WAVES AND WATERFALLS


  • Photographer
    JAY MARK JOHNSON
  • Prize
    Special Photographer Of the Year
  • Company/Studios
    Jay Mark Johnson
  • Date of Photograph
    2007 - 2012
  • Technical Info
    Digital slit scan photography

As with my two other submitted series--CARBON DATING and TRAINS AND TRESTLES--all of the images in this group are true left-to-right timeline photographs. These are ongoing projects. Locations for these images include the coast lines of Alaska, California, Florida, Louisiana and Oregon as well as those of southern England, of Cozumel Mexico, New South Wales, Australia, and the Big Island of Hawaii.

Story

All of the photographs in these series are timelines.

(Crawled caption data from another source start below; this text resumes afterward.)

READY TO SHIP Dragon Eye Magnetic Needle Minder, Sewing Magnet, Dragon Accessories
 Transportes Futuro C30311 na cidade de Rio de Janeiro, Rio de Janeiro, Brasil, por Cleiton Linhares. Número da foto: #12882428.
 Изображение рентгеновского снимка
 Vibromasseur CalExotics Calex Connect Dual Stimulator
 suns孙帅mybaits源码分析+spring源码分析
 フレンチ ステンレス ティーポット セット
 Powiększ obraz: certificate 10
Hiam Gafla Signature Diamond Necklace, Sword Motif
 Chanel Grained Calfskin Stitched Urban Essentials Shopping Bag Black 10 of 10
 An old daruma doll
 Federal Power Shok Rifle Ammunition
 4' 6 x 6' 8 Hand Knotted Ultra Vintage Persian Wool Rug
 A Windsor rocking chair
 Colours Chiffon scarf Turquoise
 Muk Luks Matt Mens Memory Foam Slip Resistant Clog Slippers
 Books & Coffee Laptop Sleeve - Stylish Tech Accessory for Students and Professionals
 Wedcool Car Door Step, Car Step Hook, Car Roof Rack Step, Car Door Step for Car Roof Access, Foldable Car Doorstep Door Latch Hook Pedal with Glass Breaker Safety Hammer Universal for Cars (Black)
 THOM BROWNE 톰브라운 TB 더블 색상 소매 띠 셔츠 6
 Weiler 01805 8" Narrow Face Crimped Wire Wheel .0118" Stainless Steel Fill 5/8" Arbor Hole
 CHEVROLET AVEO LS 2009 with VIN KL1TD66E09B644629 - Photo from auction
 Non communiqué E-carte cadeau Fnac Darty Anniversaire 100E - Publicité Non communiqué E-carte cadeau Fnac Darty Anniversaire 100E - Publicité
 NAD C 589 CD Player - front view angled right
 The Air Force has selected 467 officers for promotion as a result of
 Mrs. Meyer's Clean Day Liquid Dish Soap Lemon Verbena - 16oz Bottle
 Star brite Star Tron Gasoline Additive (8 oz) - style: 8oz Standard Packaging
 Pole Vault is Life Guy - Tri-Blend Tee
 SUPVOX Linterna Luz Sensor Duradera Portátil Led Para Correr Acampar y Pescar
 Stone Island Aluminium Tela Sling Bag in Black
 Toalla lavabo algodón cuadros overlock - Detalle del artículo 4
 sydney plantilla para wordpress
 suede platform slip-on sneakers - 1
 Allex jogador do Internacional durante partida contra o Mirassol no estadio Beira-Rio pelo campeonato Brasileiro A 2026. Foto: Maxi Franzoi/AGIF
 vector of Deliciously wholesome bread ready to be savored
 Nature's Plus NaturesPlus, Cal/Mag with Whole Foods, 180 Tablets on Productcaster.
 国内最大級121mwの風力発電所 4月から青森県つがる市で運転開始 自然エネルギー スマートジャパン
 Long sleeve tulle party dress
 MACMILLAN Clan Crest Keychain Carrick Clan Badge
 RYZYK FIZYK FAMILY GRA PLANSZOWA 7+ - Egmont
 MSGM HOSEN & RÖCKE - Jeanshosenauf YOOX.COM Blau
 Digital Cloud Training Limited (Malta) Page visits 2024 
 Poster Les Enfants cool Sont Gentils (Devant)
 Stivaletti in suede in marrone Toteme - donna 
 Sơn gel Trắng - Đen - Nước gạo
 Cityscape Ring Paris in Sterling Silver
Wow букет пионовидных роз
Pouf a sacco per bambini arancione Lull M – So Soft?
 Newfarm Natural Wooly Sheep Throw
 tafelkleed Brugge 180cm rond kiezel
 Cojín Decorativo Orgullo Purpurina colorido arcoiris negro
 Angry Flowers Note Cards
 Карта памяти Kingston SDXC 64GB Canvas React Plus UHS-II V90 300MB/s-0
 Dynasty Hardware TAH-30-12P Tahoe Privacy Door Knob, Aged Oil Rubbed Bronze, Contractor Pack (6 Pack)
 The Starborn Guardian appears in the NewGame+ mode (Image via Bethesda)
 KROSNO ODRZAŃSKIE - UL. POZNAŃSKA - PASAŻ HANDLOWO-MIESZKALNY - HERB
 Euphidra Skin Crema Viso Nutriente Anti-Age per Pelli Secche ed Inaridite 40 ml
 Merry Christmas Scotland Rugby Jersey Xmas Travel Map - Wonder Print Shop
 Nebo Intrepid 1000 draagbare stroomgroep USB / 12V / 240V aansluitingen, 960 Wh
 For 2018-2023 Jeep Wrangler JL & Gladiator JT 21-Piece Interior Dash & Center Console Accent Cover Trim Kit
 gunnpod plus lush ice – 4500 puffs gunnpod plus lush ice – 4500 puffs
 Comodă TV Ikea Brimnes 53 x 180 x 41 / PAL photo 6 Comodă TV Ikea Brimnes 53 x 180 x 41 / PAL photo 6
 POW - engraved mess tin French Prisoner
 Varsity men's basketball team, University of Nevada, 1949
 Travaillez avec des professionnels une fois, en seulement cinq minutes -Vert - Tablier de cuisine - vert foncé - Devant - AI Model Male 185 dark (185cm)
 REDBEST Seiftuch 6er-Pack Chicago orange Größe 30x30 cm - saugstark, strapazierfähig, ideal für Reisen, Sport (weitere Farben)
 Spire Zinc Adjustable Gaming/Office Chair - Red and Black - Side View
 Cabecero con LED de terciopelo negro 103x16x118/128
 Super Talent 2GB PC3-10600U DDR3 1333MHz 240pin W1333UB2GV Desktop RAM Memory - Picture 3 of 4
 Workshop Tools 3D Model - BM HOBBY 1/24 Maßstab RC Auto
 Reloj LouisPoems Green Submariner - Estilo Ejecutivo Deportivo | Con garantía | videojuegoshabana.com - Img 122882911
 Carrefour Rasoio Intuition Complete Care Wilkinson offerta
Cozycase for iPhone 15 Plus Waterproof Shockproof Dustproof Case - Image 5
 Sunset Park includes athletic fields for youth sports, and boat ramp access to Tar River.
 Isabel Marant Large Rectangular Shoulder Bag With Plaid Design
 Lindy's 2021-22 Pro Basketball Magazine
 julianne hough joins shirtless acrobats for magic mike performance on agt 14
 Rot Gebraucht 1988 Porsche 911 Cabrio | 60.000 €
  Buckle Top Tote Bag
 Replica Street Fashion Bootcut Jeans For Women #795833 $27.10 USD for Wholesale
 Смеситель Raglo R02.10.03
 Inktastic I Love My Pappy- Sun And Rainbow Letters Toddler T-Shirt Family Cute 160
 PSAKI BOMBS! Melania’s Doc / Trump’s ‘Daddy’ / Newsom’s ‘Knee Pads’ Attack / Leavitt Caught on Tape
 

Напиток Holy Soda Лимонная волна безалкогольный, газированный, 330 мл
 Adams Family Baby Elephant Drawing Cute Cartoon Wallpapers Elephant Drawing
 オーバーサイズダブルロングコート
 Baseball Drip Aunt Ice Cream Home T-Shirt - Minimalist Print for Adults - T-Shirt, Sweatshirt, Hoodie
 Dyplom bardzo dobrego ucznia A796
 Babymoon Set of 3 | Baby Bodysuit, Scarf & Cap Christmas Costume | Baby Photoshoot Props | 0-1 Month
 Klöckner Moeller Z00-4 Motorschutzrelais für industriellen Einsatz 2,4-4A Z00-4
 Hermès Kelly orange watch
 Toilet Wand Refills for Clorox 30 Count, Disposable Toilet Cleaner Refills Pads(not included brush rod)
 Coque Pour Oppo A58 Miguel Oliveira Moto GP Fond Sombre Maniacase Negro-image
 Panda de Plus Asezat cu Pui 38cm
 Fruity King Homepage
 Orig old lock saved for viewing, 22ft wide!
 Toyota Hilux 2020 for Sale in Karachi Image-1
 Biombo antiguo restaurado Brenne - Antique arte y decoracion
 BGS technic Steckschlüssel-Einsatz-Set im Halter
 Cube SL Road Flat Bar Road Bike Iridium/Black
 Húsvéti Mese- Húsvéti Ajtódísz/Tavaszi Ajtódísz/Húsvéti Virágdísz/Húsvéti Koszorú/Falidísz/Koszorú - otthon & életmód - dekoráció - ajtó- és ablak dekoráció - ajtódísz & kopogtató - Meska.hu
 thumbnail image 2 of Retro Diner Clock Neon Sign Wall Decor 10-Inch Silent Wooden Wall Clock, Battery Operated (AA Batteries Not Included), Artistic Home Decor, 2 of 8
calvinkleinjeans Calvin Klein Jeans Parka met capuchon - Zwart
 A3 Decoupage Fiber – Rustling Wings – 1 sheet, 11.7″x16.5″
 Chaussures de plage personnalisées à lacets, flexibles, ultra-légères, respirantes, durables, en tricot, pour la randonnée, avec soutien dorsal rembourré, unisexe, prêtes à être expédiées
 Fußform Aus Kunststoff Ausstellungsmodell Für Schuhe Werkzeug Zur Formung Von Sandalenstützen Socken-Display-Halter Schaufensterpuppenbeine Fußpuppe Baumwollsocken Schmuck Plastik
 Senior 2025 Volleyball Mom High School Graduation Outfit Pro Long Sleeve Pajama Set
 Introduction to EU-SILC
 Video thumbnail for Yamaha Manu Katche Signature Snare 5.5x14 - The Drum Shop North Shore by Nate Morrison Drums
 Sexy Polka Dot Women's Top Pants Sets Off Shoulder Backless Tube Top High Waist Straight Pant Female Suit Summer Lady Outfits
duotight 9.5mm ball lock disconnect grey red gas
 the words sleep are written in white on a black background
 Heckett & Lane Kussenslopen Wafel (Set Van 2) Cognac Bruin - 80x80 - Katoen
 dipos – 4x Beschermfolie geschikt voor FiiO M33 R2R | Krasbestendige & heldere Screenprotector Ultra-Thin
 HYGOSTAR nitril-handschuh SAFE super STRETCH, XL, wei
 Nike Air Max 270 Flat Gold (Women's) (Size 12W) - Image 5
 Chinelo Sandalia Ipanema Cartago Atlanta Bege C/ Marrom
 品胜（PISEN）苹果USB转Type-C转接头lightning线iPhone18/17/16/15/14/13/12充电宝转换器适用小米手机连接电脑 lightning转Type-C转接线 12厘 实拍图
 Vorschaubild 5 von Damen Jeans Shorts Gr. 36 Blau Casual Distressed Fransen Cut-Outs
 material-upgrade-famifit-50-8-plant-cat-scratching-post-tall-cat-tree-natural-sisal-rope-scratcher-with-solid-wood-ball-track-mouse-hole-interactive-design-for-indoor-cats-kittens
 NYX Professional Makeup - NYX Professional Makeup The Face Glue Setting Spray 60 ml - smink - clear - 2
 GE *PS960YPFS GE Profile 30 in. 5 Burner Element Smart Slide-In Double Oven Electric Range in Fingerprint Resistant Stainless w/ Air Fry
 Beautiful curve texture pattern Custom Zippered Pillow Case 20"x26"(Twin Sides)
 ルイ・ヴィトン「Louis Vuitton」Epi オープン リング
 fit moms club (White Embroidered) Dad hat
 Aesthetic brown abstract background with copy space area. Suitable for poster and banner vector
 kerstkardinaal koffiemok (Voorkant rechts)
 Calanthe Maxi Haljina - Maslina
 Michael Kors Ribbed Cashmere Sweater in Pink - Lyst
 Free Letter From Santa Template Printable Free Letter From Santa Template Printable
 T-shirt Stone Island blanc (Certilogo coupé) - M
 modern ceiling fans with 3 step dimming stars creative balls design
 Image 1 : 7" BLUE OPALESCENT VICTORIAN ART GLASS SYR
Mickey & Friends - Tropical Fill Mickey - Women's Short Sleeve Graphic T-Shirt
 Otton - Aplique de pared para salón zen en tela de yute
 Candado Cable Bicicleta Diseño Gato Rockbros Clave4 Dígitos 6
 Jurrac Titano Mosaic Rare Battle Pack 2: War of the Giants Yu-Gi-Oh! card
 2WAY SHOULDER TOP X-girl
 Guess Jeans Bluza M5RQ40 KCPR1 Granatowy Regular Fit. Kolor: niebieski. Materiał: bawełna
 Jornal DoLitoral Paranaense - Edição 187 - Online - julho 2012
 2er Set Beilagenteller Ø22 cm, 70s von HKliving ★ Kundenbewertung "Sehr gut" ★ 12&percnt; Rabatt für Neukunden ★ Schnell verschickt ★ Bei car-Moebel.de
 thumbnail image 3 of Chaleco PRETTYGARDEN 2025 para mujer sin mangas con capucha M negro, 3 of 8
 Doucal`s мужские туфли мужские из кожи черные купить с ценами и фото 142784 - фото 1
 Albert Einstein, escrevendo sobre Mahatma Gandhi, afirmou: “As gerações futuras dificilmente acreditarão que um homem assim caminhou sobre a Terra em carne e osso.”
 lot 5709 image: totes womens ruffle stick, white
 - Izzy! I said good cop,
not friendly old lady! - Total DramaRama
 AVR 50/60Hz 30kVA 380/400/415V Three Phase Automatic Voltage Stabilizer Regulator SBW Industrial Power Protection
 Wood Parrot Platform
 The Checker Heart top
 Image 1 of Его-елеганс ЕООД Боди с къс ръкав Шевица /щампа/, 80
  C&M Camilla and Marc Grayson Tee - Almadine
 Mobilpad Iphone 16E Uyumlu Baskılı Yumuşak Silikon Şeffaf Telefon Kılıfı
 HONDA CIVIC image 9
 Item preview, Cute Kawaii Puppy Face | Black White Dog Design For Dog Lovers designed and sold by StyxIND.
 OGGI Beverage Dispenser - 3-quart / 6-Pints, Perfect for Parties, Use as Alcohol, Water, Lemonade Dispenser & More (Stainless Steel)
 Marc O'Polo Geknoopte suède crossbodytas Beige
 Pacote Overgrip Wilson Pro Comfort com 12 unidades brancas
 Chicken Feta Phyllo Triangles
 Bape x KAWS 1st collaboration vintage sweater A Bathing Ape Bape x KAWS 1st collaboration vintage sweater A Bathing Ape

Produced in camera, the photographs are akin to seismographs and electrocardiograms in that they present a seamless left-to-right depiction of events that occured in front of the camera over a period of time. What appears at the left side happened before what appears on the right. The middle portion of the image represents the continuous, uninterrupted transition between the two ends. By implication, the timeline extends indefinitely off toward the past on the left side and indefinitely off toward the future on the right. Stated in an alternative manner, the “x” axis in these images represents the temporal dimension.

More simply, x = time.


SELECTED FINDINGS

MOTION STUDIES
When subjects move about in front of the camera they tend to be registered as unrecognizable, distended forms. The clearest images are often compared to the temporal distortions in Salvador Dali’s The Persistence Of Memory or the sort of fun mirror convolutions seen in the Distortion series by André Kertész. With practice and with narrowing constraints it is possible to trace moving subjects, bring fluid gestures into clear focus and separate subjects from the surrounding environment.

NARRATIVE STRUCTURE
My Taichi Motion Studies #128 was the first image that registered a single dance move in uninterrupted, narrative form. The left-to-right evolution of the image is akin to the structure of a sentence or a three act play with a recognizable beginning, middle and end. But many of my images have no such linear development. Instead, subjects are captured in an abstract, featureless setting of horizontal lines extending infinitely off to the left and right--no beginning, no development and no end in sight. It is as though the photograph recorded a cross section taken through the middle of the drama, as though a slice had been cut through the middle of the verb.

COLOR BANDING
Because I modify the camera, using it in a manner for which it was not designed, I find some quirks in its operation that I am able to exploit. Under the right circumstances the altered camera is able to register both the diffraction of light as it passes over objects in the environment and the refraction of light as it traverses the curved glass of the lens. It is possible to record a ground plane of dried mud or of dark, grey-brown tree leaves as a prismatic explosion of diffractive light.

OCEAN WAVES
The cyclical patterns of ocean waves breaking along the shore are captured, not as they are seen in an instantaneous snap shot but as they behave over time.